- Take home problem - solve by March 30 (Answer in Blue):

- Take home problem - solve by March 30 (Answer in Blue):

1. Consider the growth of Arabidopsis plants on complete mineral salts on 10 mL 0.5% agar in a 100 mL air-tight bottle. Calculate the maximum theoretical dry weight increase.

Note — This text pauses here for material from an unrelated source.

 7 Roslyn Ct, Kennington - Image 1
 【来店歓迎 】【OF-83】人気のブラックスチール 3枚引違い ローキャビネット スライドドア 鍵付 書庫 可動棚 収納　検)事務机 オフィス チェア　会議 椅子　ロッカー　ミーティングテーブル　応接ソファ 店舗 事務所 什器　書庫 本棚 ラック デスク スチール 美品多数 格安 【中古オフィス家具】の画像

Note Arabidopsis is a C₃ plant.

If you assume as stated in the text that air is ~ 380 ppm or 0.038% CO₂ then there is 3.8 x 10^-4 L CO₂ per L of air (some of you have air as 0.04% CO₂ which is fine and will give a similar answer). The compensation point for typical C3 plants is ~ 50 - 60 ppm or ~6 x 10^-5L/L air. Thus ~ 3 x 10^-4 L CO₂/L air can be “fixed” by this C3 plant. Therefore we have 3 x 10^-4 L CO₂ per L air x 0.1 L air in the bottle (the CO₂ in air should reach an equilibrium with the 99%+ H₂O in the agar at ~ pH 7 but if you subtracted the volume of the agar this is OK and the final number will be very close).

3 x 10^-4 L CO₂/L air x 0.1 L air = 3 x 10^-5 L CO₂ in the bottle.

1 mole of an ideal gas is ~ 22.4 L/mole

3 x 10^-5 L CO₂/22.4 L/mole » 1.3 x 10^-6 moles CO₂.

Moles CO₂can be converted into moles CH₂O (unless H₂O is limiting which is not the case here)

~1.3 x 10^-5 moles CH₂O x 30g/mole » 4 x 10^-5 g or 40 ug of growth*; small even for Arabidopsis!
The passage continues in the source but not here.